• INSTRUCTIONS TO FOLLOW: Using the listing below, set down exactly the lines from the one that contains "Venice Canal, a" through the one that contains "Iron Rhinestone Bangles", with no pictures.

• INPUT DATA:
* * *
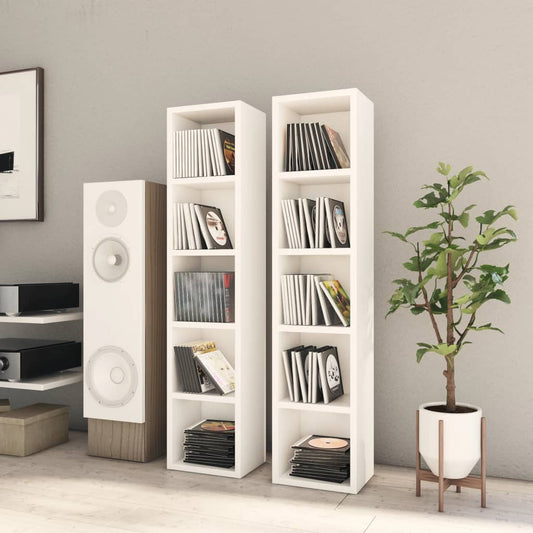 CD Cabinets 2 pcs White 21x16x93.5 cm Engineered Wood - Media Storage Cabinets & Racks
* * *
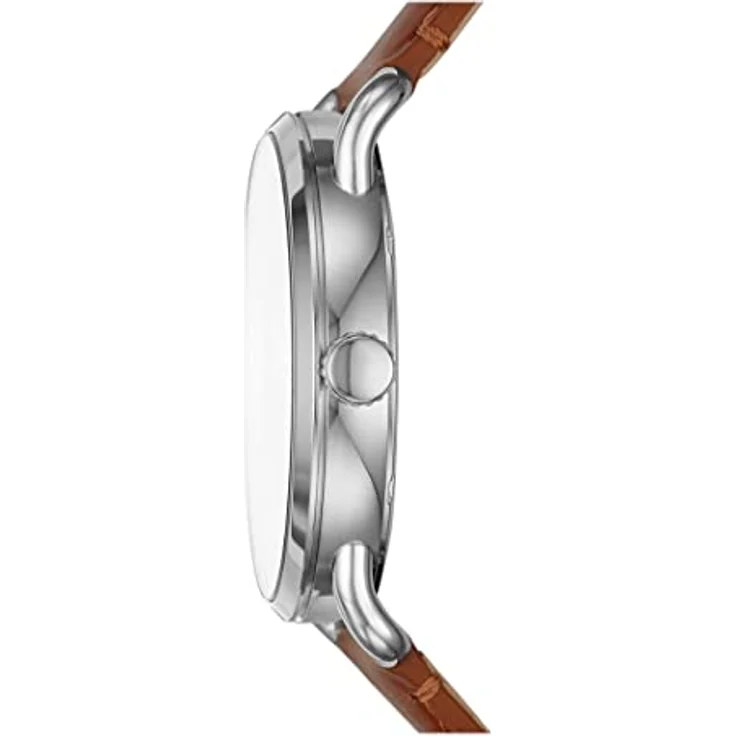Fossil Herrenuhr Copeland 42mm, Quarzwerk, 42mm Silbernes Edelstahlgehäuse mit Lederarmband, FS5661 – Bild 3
* * *
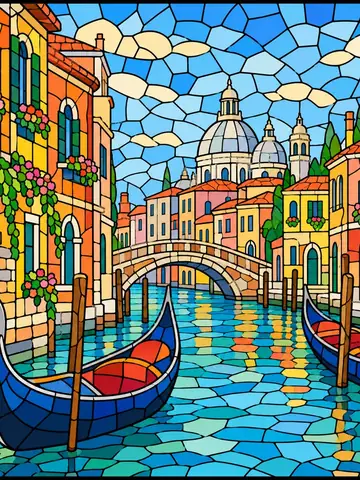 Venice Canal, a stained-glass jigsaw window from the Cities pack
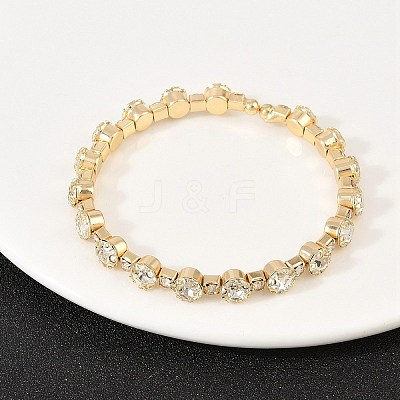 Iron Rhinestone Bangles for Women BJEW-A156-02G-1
* * *
• FINISHED EXERCISE:
 Venice Canal, a stained-glass jigsaw window from the Cities pack
 Iron Rhinestone Bangles for Women BJEW-A156-02G-1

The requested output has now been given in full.